Hi,
I am trying to install CUDA 11.7 inside a docker (based on nvidia base docker: nvidia/cuda:11.7.0-devel-ubuntu20.04
) and install pytorch 1.12 on top of it.
I can see the docker build succeeds, but when the print torch.cuda.is_available()
it returns False. As a result any packages I build later tend to fail (e.g. apex installation returns No CUDA runtime found even though cuda 11.7 seems to be installed).
Here is some more diagnostic information I printed out during the docker build:
---> Running in 810601a714ed
print /usr/local dir:
total 4
drwxr-xr-x 1 root root 4096 Nov 7 17:11 bin
lrwxrwxrwx 1 root root 20 Nov 7 17:11 cuda -> /usr/local/cuda-11.7
lrwxrwxrwx 1 root root 25 Aug 12 00:21 cuda-11 -> /etc/alternatives/cuda-11
drwxr-xr-x 1 root root 130 Aug 12 00:32 cuda-11.7
drwxr-xr-x 2 root root 6 Aug 1 13:22 etc
drwxr-xr-x 2 root root 6 Aug 1 13:22 games
drwxr-xr-x 2 root root 6 Aug 1 13:22 include
drwxr-xr-x 1 root root 23 Nov 7 17:09 lib
lrwxrwxrwx 1 root root 9 Aug 1 13:22 man -> share/man
lrwxrwxrwx 1 root root 24 Nov 7 17:08 mpi -> /usr/local/openmpi-4.0.1
drwxr-xr-x 1 root root 17 Nov 7 17:07 openmpi-4.0.1
drwxr-xr-x 2 root root 24 Aug 1 13:25 sbin
drwxr-xr-x 1 root root 17 Nov 7 17:03 share
drwxr-xr-x 2 root root 6 Aug 1 13:22 src
Removing intermediate container 810601a714ed
Step 43/64 : RUN echo "nvcc version: " && nvcc --version
---> Running in 41fd47d4089a
nvcc version:
nvcc: NVIDIA (R) Cuda compiler driver
Copyright (c) 2005-2022 NVIDIA Corporation
Built on Wed_Jun__8_16:49:14_PDT_2022
Cuda compilation tools, release 11.7, V11.7.99
Build cuda_11.7.r11.7/compiler.31442593_0
Step 58/64 : RUN echo "print pytorch version: " && python3 -c "import torch; print(torch.__version__)"

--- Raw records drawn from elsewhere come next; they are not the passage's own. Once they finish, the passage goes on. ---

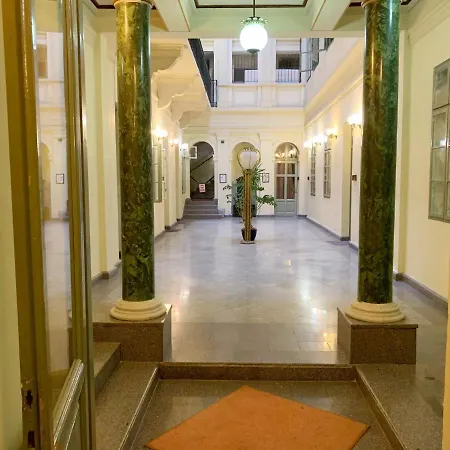 Kecskemeti Rooms-3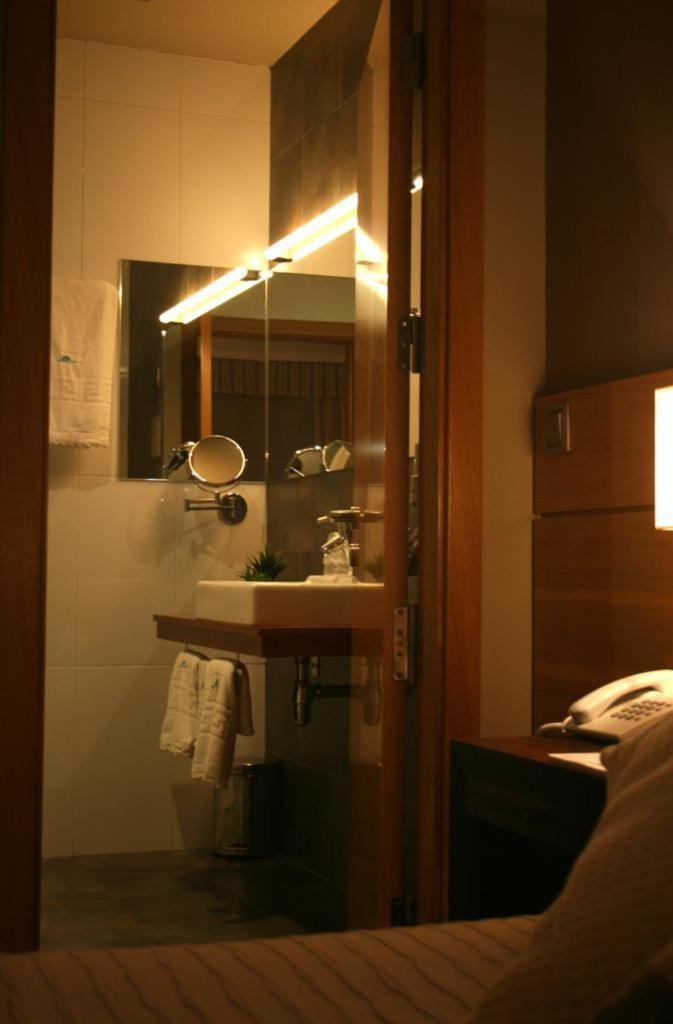 Double or Twin Room - Photo 13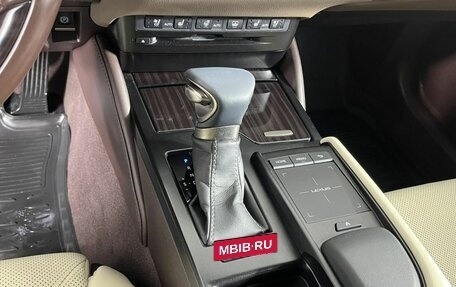 Lexus ES VII, 2019 год, 3 800 000 рублей, 23 фотография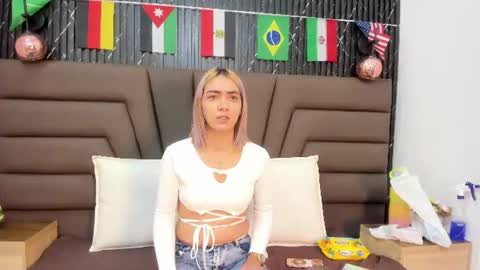 ashley_miller26 online show from July 3, 10:09 am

---> Running in 63ae4acaf382
print pytorch version:
1.12.0a0+git664058f
Removing intermediate container 63ae4acaf382
---> 3099c4e3f35d
Step 59/64 : RUN echo "print pytorch nccl version: " && python3 -c "import torch; print(torch.cuda.nccl.version())"
---> Running in ab1d49d02685
print pytorch nccl version:
(2, 13, 4)
Removing intermediate container ab1d49d02685
---> 393a7ad5f55a
Step 60/64 : RUN echo "print pytorch cuda version: " && python3 -c "import torch; print(torch.version.cuda)"

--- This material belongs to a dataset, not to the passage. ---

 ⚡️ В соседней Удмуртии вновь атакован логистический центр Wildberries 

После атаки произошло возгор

---> Running in df47a3c0d236
print pytorch cuda version:
11.7
Removing intermediate container df47a3c0d236
---> ebe9529fce33
Step 61/64 : RUN echo "print torch.cuda.is_available? " && python3 -c "import torch; print(torch.cuda.is_available())"

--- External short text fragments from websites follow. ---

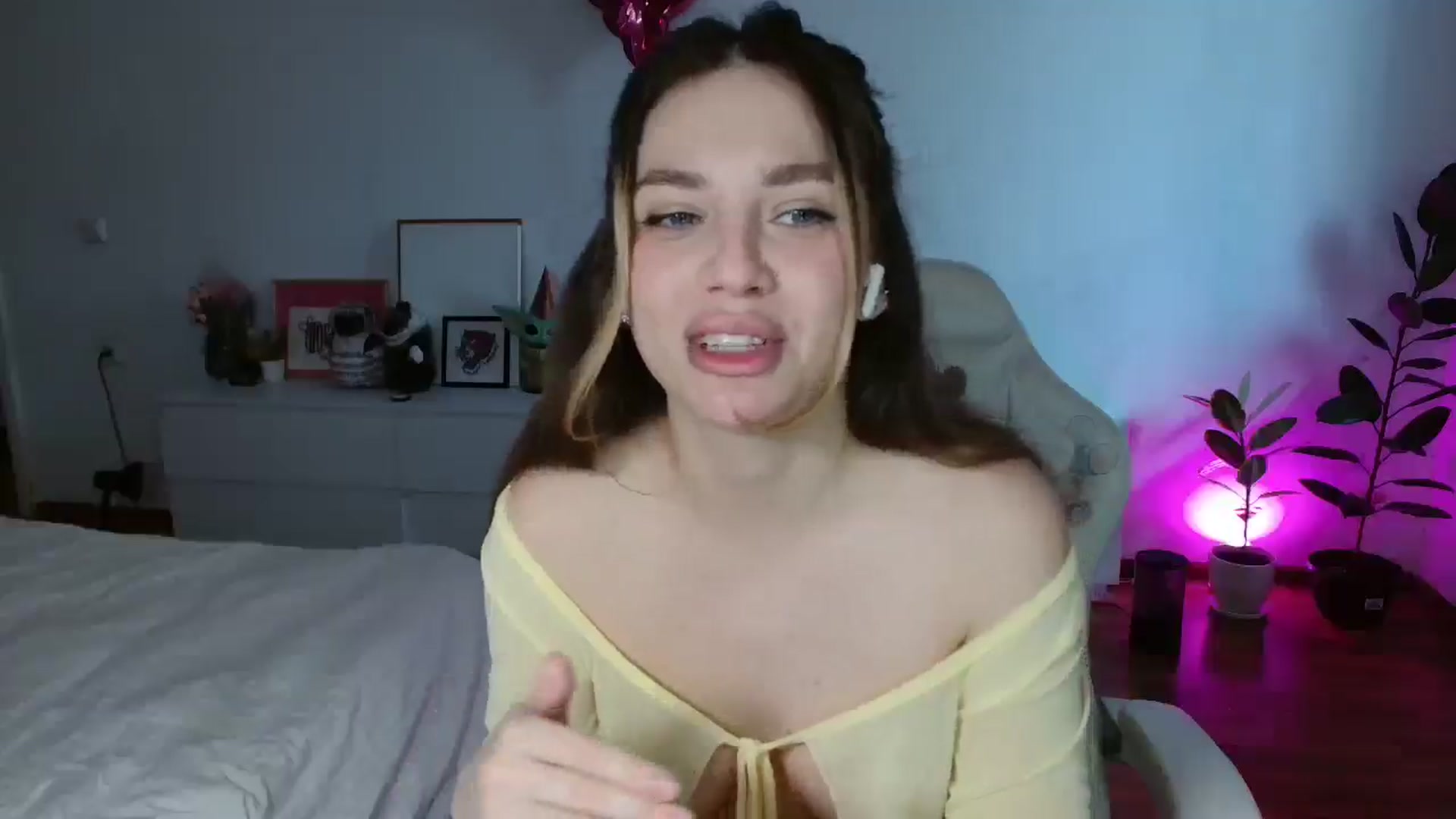 Gallery image thumbnail from FunnyMinni's myfreecams stream on, 02/25/2026, 07:32 image 6 of 20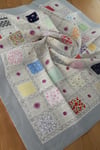 Home's Mavi Patchwork Işlemeli Naturel Şömentabla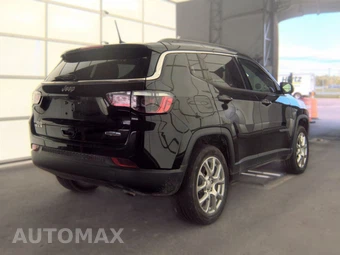 2023 Jeep Compass Latitude Lux - miniatura 5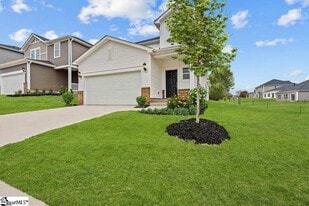 807 Brockman McClimon Rd in Greer, SC - Building Photo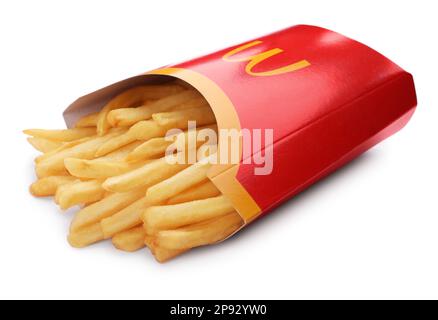 MYKOLAIV, UCRAINA - 11 AGOSTO 2021: Gran parte delle patatine fritte di McDonald's isolate sul bianco Foto Stock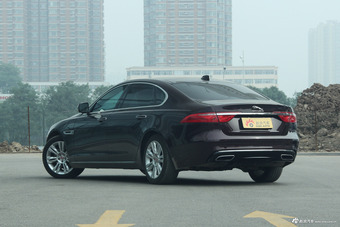 2017款捷豹XFL 2.0T自动240PS尊享版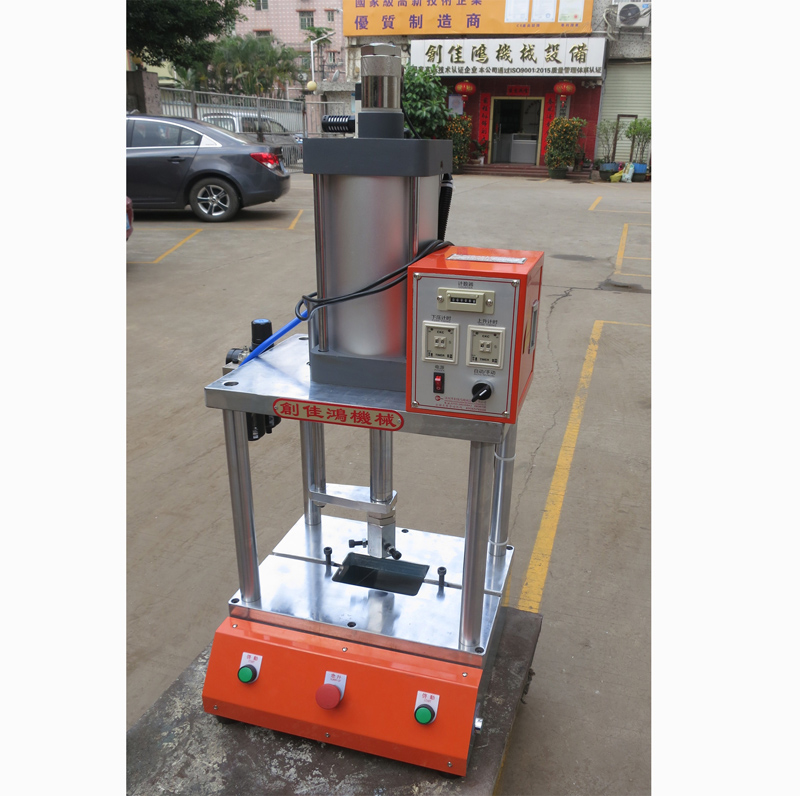 四柱氣動沖床CH102系列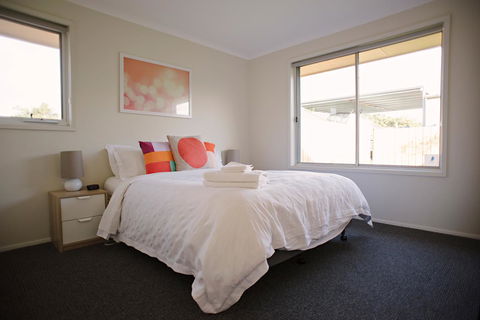 The Holiday Home People - Kalgoorlie Accommodation 15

---> Running in 6be9b3a6ff33
print torch.cuda.is_available?
False
I install pytorch as follows (and also add the /usr/loca/cuda/bin to PATH):
cd ${STAGE_DIR}/pytorch && git checkout v${PYTORCH_VERSION} && \
git submodule sync && git submodule update --init --recursive && \
export CUDA_HOME=/usr/local/cuda-11.7 && export PATH=/usr/local/cuda/bin${PATH:+:${PATH}} && sudo rm -rf build && sudo NCCL_ROOT=${STAGE_DIR}/nccl/build NCCL_INCLUDE_DIR=${STAGE_DIR}/nccl/build/include NCCL_LIB_DIR=${STAGE_DIR}/nccl/build/lib CMAKE_CUDA_COMPILER=/usr/local/cuda/bin/nvcc CMAKE_CUDA_ARCHITECTURES=all USE_SYSTEM_NCCL=1 python3 setup.py install
Anybody faced this issue or has suggestions on how to resolve this?